For more about House at the End of the Street and the House at the End of the Street Blu-ray release, see House at the End of the Street Blu-ray Review published by Casey Broadwater on January 10, 2013 where this Blu-ray release scored 2.5 out of 5.
Director: Mark Tonderai
Writer: Jonathan Mostow
Starring: Jennifer Lawrence, Elisabeth Shue, Max Thieriot, Gil Bellows, Will Bowes, Jonathan Higgins
» See full cast & crew
House at the End of the Street Blu-ray Review
Someone should've foreclosed on the film.
Reviewed by Casey Broadwater, January 10, 2013
I really can't think of a more generic horror movie title than House at the End of the Street, which sounds like a ripoff of The Last House on the Left as made by the folks at Asylum Home Entertainment. The title fits, though, because House at the End of the Street is very much a generic horror film, aimed at a generic teen demographic, with a generic, sub-Hitchcockian twister-coaster of a plot. It isn't scary, it isn't surprising, and it plods along with a ho-hum lack of intensity. The only exceptional thing about the film is that it stars Jennifer Lawrence—of Winter's Bone and Hunger Games fame—and what's exceptional about this is that some agent convinced her that this by-the-numbers would-be thriller was a great career move. But it happens; great actors—and Lawrence has certainly shown the potential to be great—sometimes make awful movies. To be fair, House at the End of the Street isn't bad bad, it's just dull. I imagine that by the second half, most of the intended audience will be checking Facebook on their phones, looking up occasionally when a jump scare seems imminent.

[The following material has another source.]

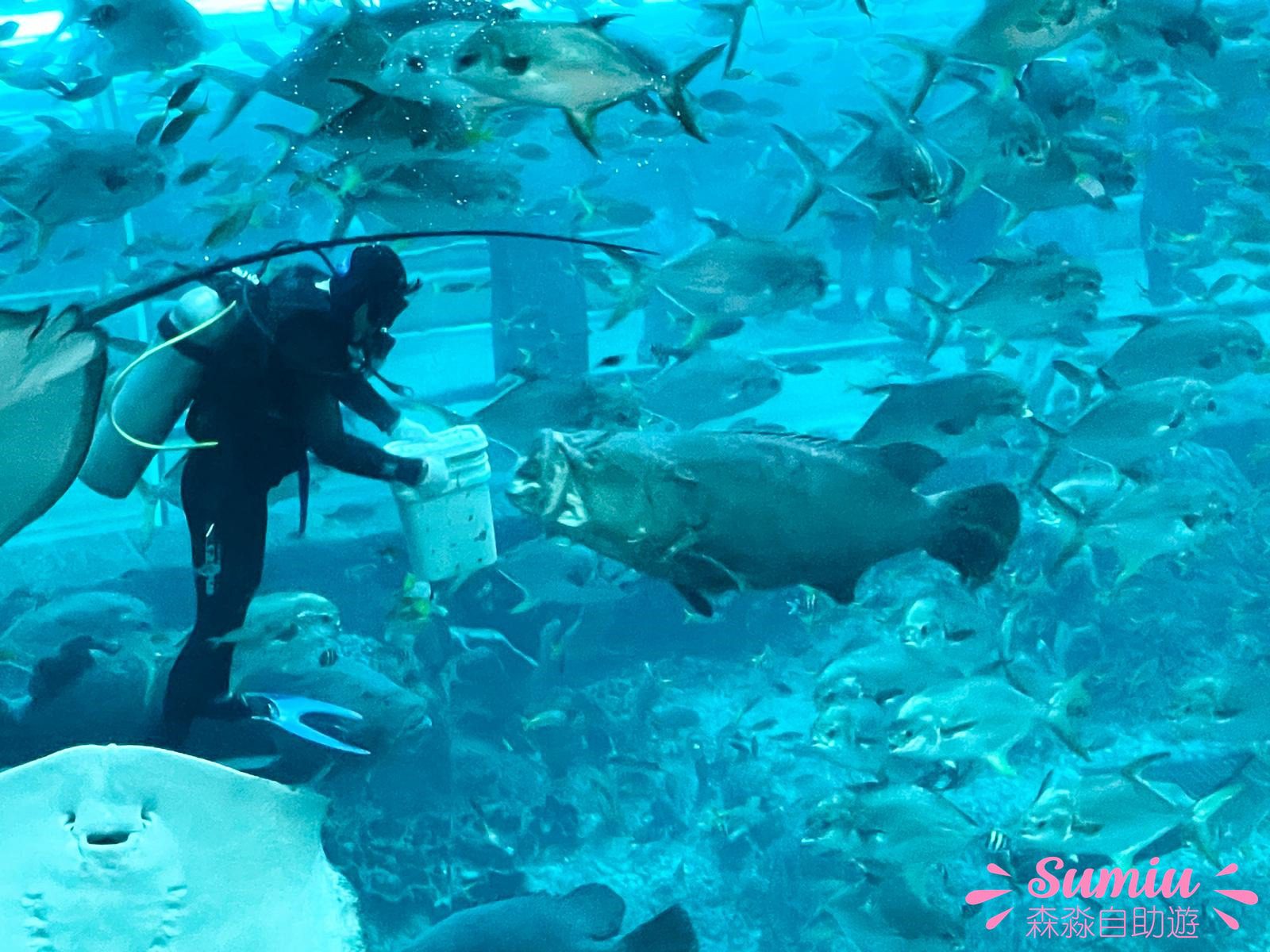 富國島珍珠遊樂園VinWonders Phú Quốc餵魚表演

You can tell exactly what sort of experience you're in for by the opening scene, which shows a deranged pre-teen girl in a nightdress—ambling zombie- like down a hallway on a stormy night—killing her mother and father with the claw end of a hammer. The sequence is zealously over-edited with glitches and jump-cuts and selective focus—the kinds of cheap visual tricks horror movies generally resort to when the material just isn't very scary.
Four years later, overprotective mom Sarah Cassidy (Elisabeth Shue) and her teenaged daughter, Elissa (Lawrence), are moving into the same wooded neighborhood where the murders took place. Their new home sits uncomfortably close to the now-legendary "Jacobson house,"—i.e., The House at the End of the Street—which is the only reason they can afford to live in such an otherwise upscale area. Cue the expository download, a welcome-to-the-neighborhood get-together where we learn that 18-year-old Ryan Jacobson—the sole survivor of the family—still lives in the house, alone, rarely venturing into town. Bratty jock Tyler (Nolan Gerard Funk) even suggests that the killer, Ryan's sister Carrie-Anne, still lives in the forest. The adults dismiss this as an urban legend; although her body was never found, everyone knows that Carrie-Anne drowned in the nearby dam. Or did she?, we're meant to ask.
One night soon thereafter, Elissa is walking home in the rain when Ryan pulls up and offers to give her a ride. She's spooked, but whaddayaknow, Ryan turns out to be a nice-enough fellow—shy and soft-spoken and well-adjusted considering everything he's been through. The two strike up a cautious romance—although Elissa's mom is very much against the idea—while the movie slowly tosses us hints that all is not quite right. Who's that dark figure skulking in the woods? Why is Ryan carrying food down to the basement? Are those tampons in his kitchen garbage bin? Surely, you're beginning to get the picture. But wait! There's another twist! A twist you'll probably see coming! Seriously, if you don't figure out the climactic curveball ahead of time, you should promptly have your horror movie watcher's license revoked.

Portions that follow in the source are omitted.